What you should do -> Please set down exactly the lines of the listing below from the line containing "View of the" through the line containing "Vintage Disney Character", both lines included, leaving out all other lines.

Dataset extract ->
• • • • •

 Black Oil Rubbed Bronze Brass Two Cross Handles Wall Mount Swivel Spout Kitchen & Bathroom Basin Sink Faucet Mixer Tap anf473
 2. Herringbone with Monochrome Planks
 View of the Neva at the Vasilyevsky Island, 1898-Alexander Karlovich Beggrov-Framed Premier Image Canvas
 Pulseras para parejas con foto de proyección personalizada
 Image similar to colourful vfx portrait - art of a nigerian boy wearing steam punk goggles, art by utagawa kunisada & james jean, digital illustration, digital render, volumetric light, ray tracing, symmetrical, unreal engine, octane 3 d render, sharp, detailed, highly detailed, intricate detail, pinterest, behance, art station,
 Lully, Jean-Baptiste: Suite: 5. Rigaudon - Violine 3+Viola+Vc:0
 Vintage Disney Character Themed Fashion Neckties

• • • • •

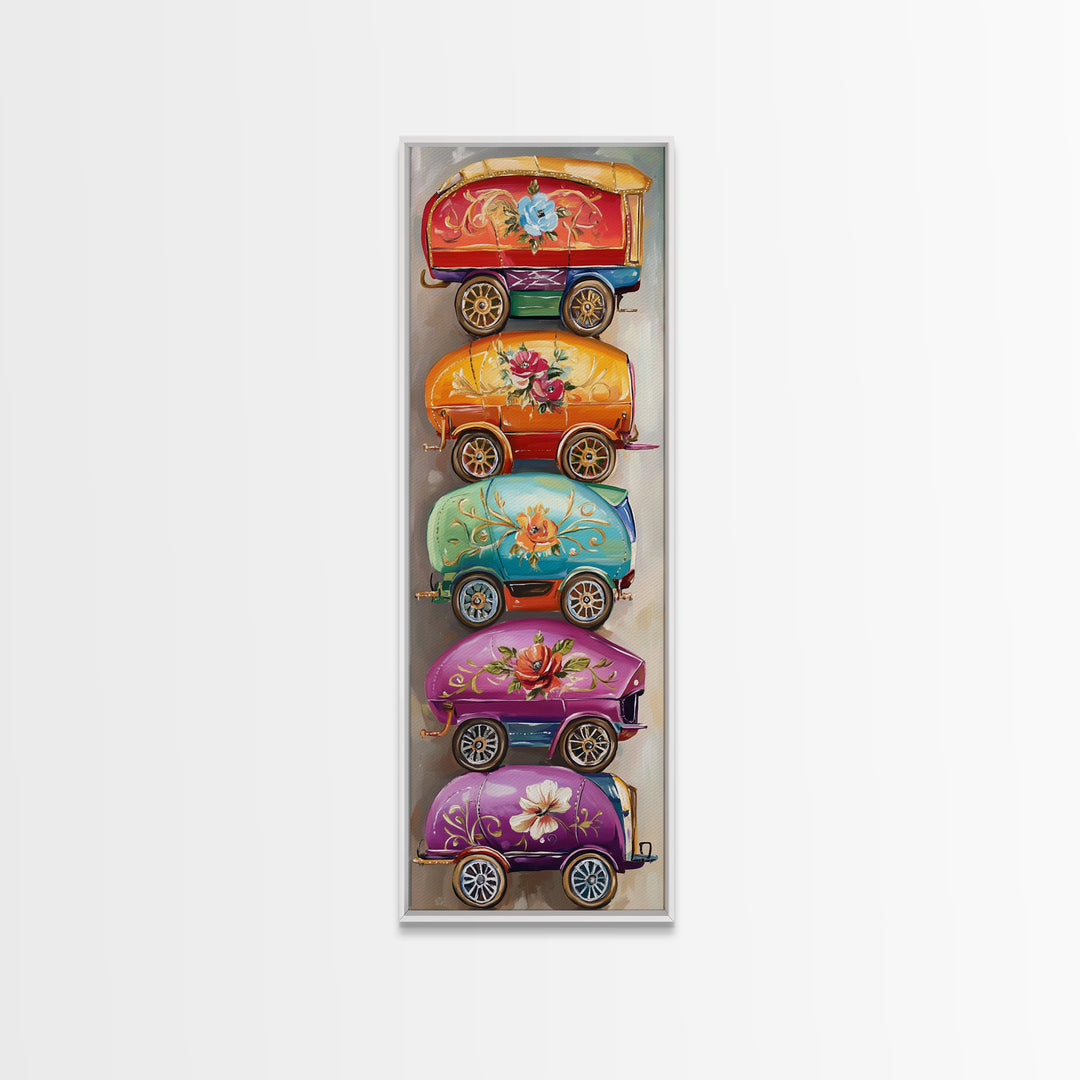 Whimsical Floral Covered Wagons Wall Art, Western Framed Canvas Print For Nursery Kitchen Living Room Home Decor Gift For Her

• • • • •

Output ->
 View of the Neva at the Vasilyevsky Island, 1898-Alexander Karlovich Beggrov-Framed Premier Image Canvas
 Pulseras para parejas con foto de proyección personalizada
 Image similar to colourful vfx portrait - art of a nigerian boy wearing steam punk goggles, art by utagawa kunisada & james jean, digital illustration, digital render, volumetric light, ray tracing, symmetrical, unreal engine, octane 3 d render, sharp, detailed, highly detailed, intricate detail, pinterest, behance, art station,
 Lully, Jean-Baptiste: Suite: 5. Rigaudon - Violine 3+Viola+Vc:0
 Vintage Disney Character Themed Fashion Neckties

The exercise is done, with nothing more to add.